Add the tortillas to the oven for about 1 minute, just enough to get it warm. Take it out and spread about 1 tablespoon (per tortilla) hummus down the center of your tortilla. Then add 1 tablespoon (per tortilla) sunflower seeds.
Then start adding your veggies. Throw some carrots and roasted red peppers on there.
Add the spinach and basil leaves, sprouts or pea shoots, and radishes. Sprinkle with salt and pepper.
Squeeze a little lemon on top. Now grab the edge and roll over the veggies. Keep rolling until it flips over. Cut it in half and there you go. A super quick, super easy, yummy meal you can have for lunch. I like to serve mine with some pita chips and leftover hummus.
Sunflower Hummus Wraps
- Prep Time: 20 minutes
- Total Time: 20 minutes
- Yield: 2 1x
- 2 tablespoons roasted sunflower seeds
- 2 small spinach tortillas (or gluten free tortillas)

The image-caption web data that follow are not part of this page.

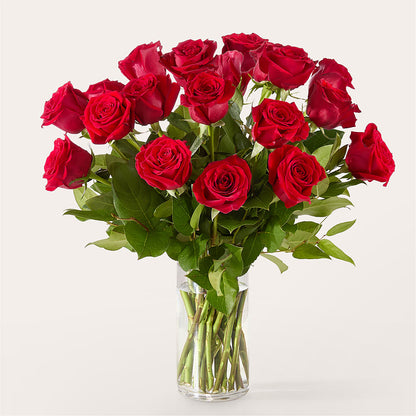 The One Red Rose Bouquet –  Bulldog Flowers, Athens GA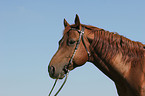 Quarter Horse Portrait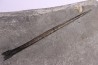 bélemnite: Youngibelus gigas - lower Toarcian Holzmaden, Germany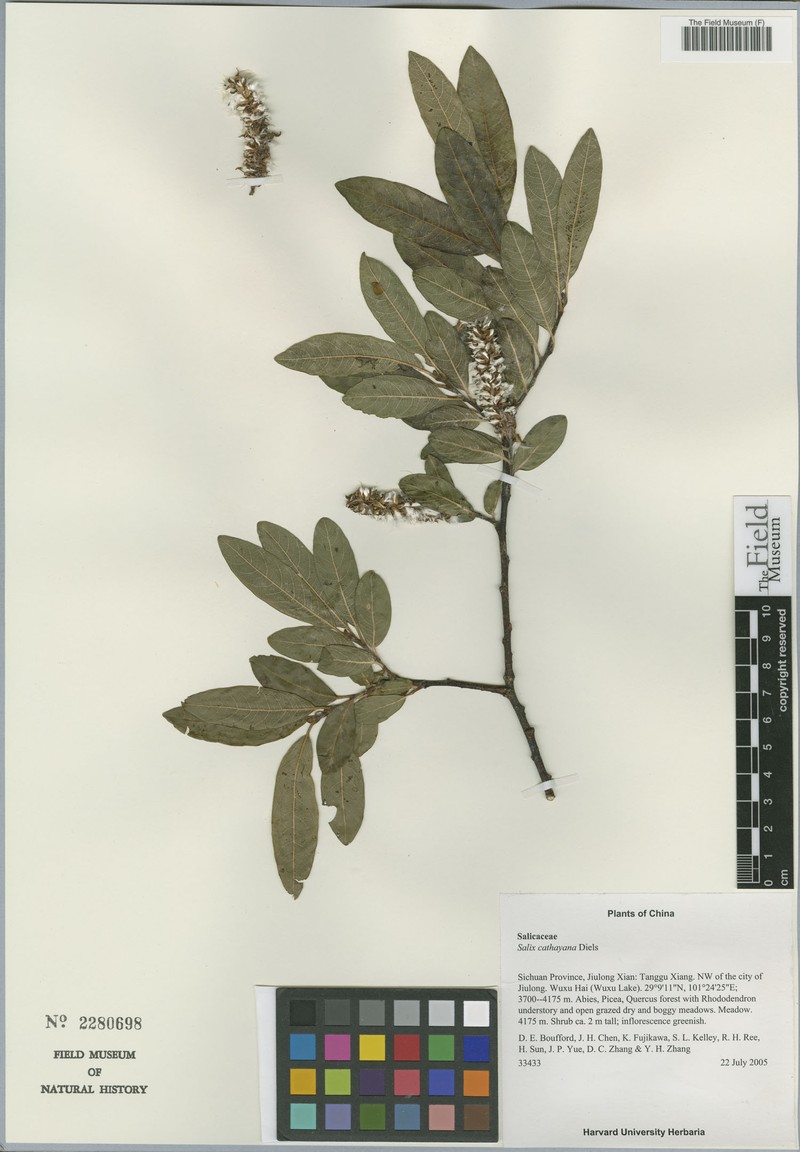 Salix cathayana photo 6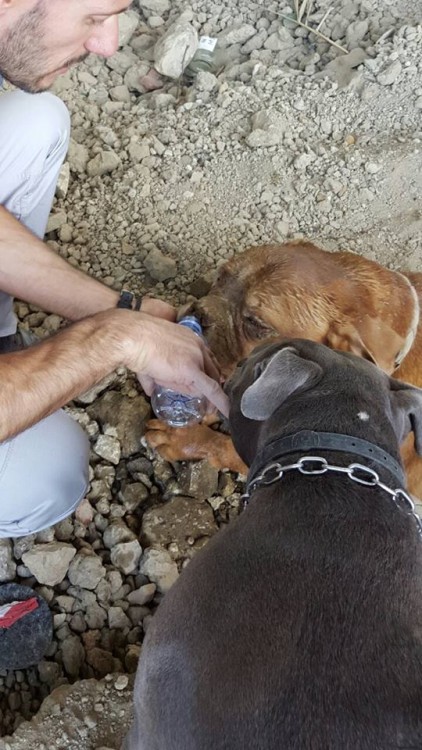 perrita tomando agua agradecida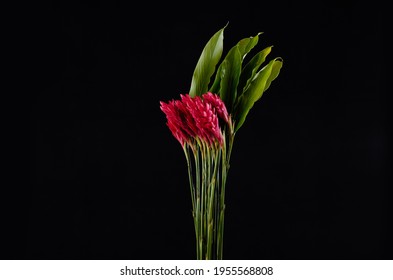 ボタニカルアート 生姜 Stock Photos Images Photography Shutterstock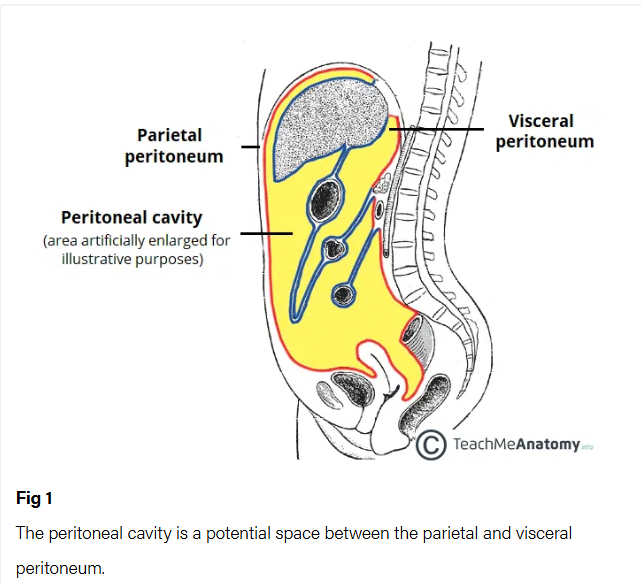 <p>visceral</p>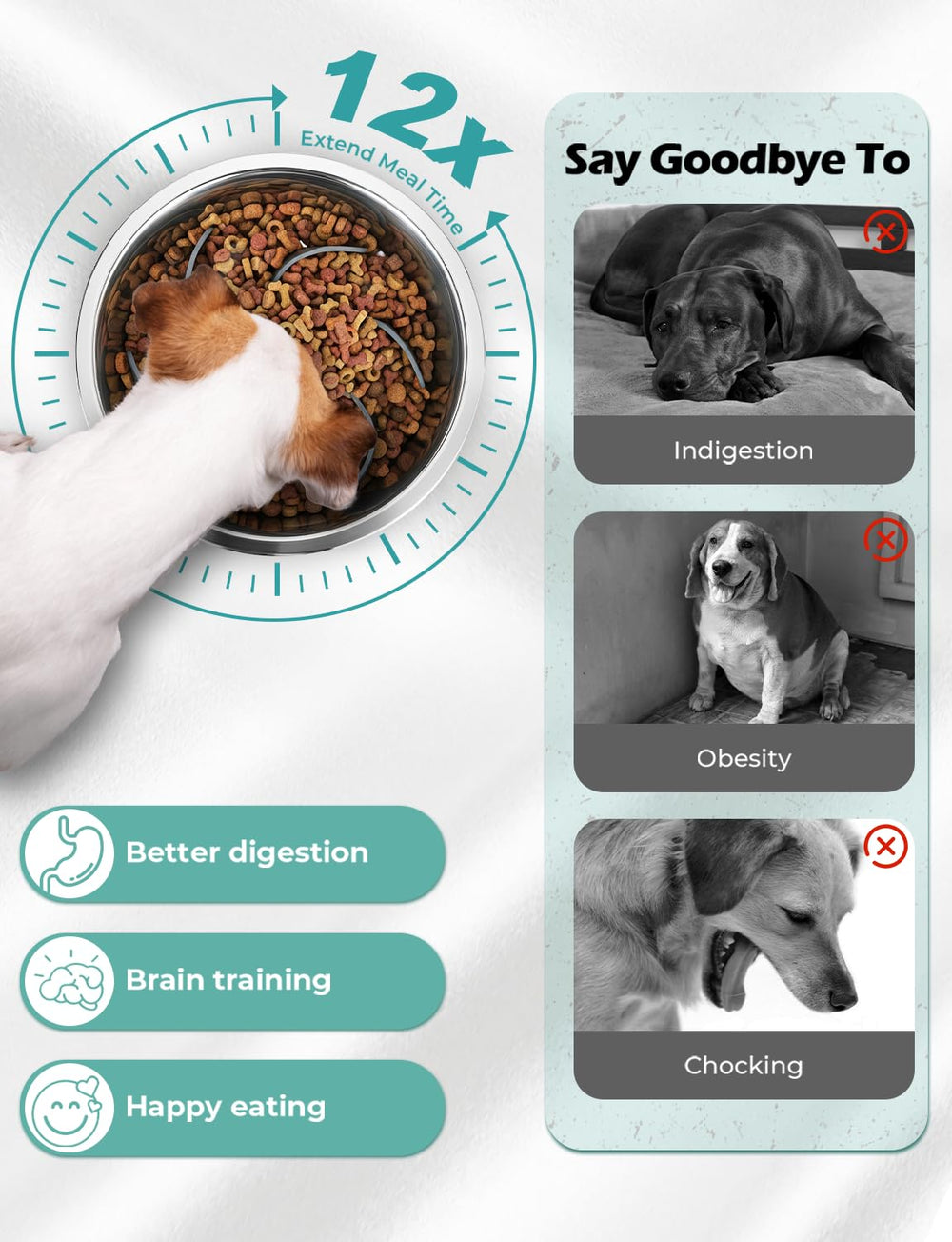 RooXchowla dual bowls for eating and drinking in one setup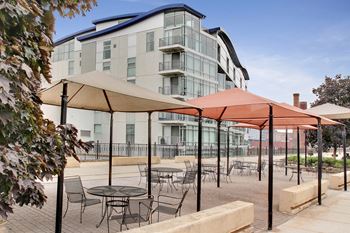Grilling and Patio Area
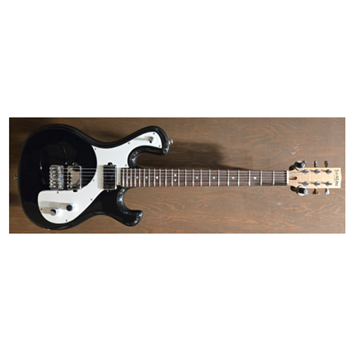Backline Guitars BFGBLK Badfish Electric Guitar in Black w/ Hardshell Case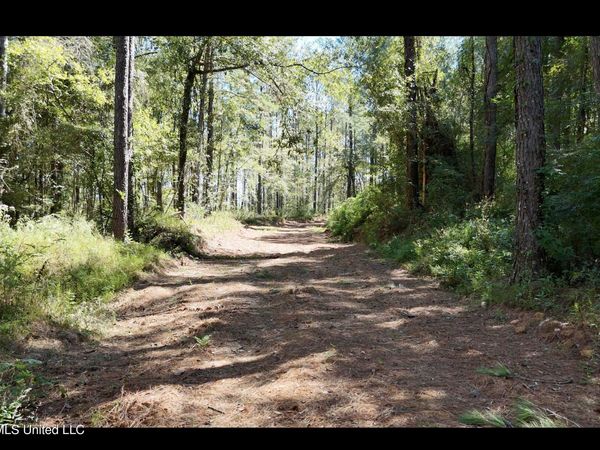 Gunnell Road, Ruth, MS 39662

- 2 tablespoons favorite hummus (I like garlic hummus)
- 4 baby carrots, sliced into quarters OR 1/4 cup shredded carrots
- 2 tablespoon sliced roasted red peppers (from can, drained)
- 4–5 fresh spinach leaves, chopped
- 2 tablespoon sprouts or pea shoots
- 1 tablespoon chopped, fresh basil leaves
- 2 radishes, sliced into matchsticks (or 1 tablespoon pre-sliced matchstick radishes)
- juice from 1/2 a lemon
- salt and pepper
- Preheat oven to 300 degrees. Prepare veggies.
- Place 2 tortillas directly on oven rack and heat for 1 minute. When finished, place tortillas on cutting board.
- Spread 1 tablespoon hummus down the center of each tortilla. Over the hummus, add 1 tablespoon sunflower seeds. Add carrots, roasted red peppers, spinach leaves, sprouts, basil and radishes down the center of the tortilla. Squeeze with lemon and sprinkle salt and pepper on top.
- Starting with the edge of the tortilla, roll over the veggies tightly until contained. Cut down the center and secure with toothpicks. Serve with salad or pita chips and leftover hummus. Enjoy!
*If using raw sunflower seeds (not roasted), Spread the seeds on a baking sheet and bake 8-10 minutes at 300 degrees, or until just browned. Remove from oven to cool.